内定取り消しを巡って (2010/7/25)

 一昨年の八月の話。春日井工業高校に通う工藤潤子さん(五三)の息子さんは、希望する電気関係の会社に内定が出て喜んでいた。その直後、リーマンショックが世界を襲う。十一月に突然、その会社から学校に「内定取り消し」の通知が入った。ほとんどの企業が採用募集を終わっている。途方に暮れた。

 翌日、工藤さんの家に担任の先生から電話があった。「学校側で一度相談してみます。少しお時間を下さい」とおっしゃった。そのすぐ次の日に、再び担任の先生から電話が入った。「いろいろありましたが、会社がもう一度考え直してくれ、再び内定を出してくれました」と。聞けば、校長先生が教育委員会や関係官庁の方々と連携を取り合い、会社に掛け合ってくださったらしい。

 手前みそになるが、息子さんは真面目だけが取りえなのだという。高校三年間、何があっても休まずに登校した。少々体調が悪くても学校へ行く。おかげで卒業時には皆勤賞をもらった。見ている人は見ていてくれるもの。きっと、先生方がその真面目ぶりを認めてくれて、会社に話をしてくれたにちがいない。「この子はきっと活躍してくれますよ」と。
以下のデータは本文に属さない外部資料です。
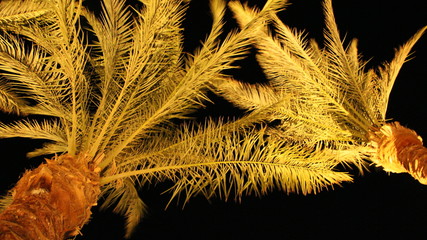 View to top of date palms from bottom at night. Date palm branches illuminated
 ところが多難は続く。入社後、ますます不況になった。週に三日しか働けず後は自宅待機。しかし、徐々に景気も回復し、最近では残業までするようになった。転職の話もあったが、本人が「この会社にいたい」と言い頑張った。工藤さんはおっしゃる。「学校の先生方、たった一人のためにありがとうございました。息子は今日も元気に通勤しています。」